North Korea has sent a message, denouncing the launch of anti-Pyongyang leaflets by South Korean civic groups and conveying its reservation for high-level inter-Korean talks.
The Ministry of Unification said the North sent the message early Sunday morning from the secretariat of its National Defense Commission to the Presidential Office of National Security through the West Sea military hotline.
In the message, Pyongyang blamed South Korean authorities for letting the civic groups send the leaflets on Saturday evening.
The message also said such negligence by the South showed that it does not welcome the North's proposal to improving inter-Korean relations and that the North will have to think about whether high-level talks will be possible in such an atmosphere.
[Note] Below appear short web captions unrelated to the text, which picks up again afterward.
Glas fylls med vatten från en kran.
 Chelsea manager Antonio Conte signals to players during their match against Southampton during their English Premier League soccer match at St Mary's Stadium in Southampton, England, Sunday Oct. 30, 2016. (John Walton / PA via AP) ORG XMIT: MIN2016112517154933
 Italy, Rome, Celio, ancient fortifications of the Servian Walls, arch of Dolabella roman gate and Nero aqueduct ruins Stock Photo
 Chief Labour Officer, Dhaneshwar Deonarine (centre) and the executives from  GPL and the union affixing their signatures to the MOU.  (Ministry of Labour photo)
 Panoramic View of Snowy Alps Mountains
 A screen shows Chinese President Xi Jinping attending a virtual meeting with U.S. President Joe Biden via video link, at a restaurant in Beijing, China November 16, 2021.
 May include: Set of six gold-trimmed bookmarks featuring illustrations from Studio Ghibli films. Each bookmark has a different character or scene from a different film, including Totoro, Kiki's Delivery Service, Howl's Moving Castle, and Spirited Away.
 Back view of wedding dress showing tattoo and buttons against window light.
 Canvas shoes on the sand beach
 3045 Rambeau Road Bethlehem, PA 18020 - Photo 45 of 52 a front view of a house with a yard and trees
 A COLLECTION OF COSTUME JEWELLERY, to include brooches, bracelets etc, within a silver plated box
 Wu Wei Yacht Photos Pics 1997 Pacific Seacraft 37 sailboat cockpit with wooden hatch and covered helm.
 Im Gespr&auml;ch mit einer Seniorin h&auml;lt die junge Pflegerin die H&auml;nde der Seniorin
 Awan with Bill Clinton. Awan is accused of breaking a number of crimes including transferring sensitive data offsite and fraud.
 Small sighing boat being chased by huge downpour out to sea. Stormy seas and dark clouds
In a message sent in response on Monday morning, the South Korean government confirmed that there is no legal basis to stop its citizens from sending leaflets into the North. It demanded that North Korea clearly state its stance on the high-level talks that the two Koreas had agreed to hold on October 4.
Unification Ministry spokesman Lim Byeong-cheol reiterated in a regular briefing Monday that the North should not use matters related to freedom of expression as an excuse for provocation or a precondition for talks. Lim also reaffirmed Seoul's stance that the second round of high-level talks must be held as previously agreed by the two Koreas.
Some conservative civic groups, comprised mostly of North Korean defectors, had planned to send leaflets attached to balloons from the border city of Paju, Gyeonggi Province, on Saturday. However, they were blocked by the Paju residents and progressive civic groups who opposed the leaflet campaign. The groups still managed to send some of their leaflets at a different location in Gyeonggi Province later in the day.
After the two Koreas agreed to hold another round of high-level talks, Seoul proposed the meeting be held on October 30 at the truce village of Panmunjeom. However, North Korea has demanded that the anti-Pyongyang leaflet campaign be stopped as a precondition to the second high-level talks between the two Koreas.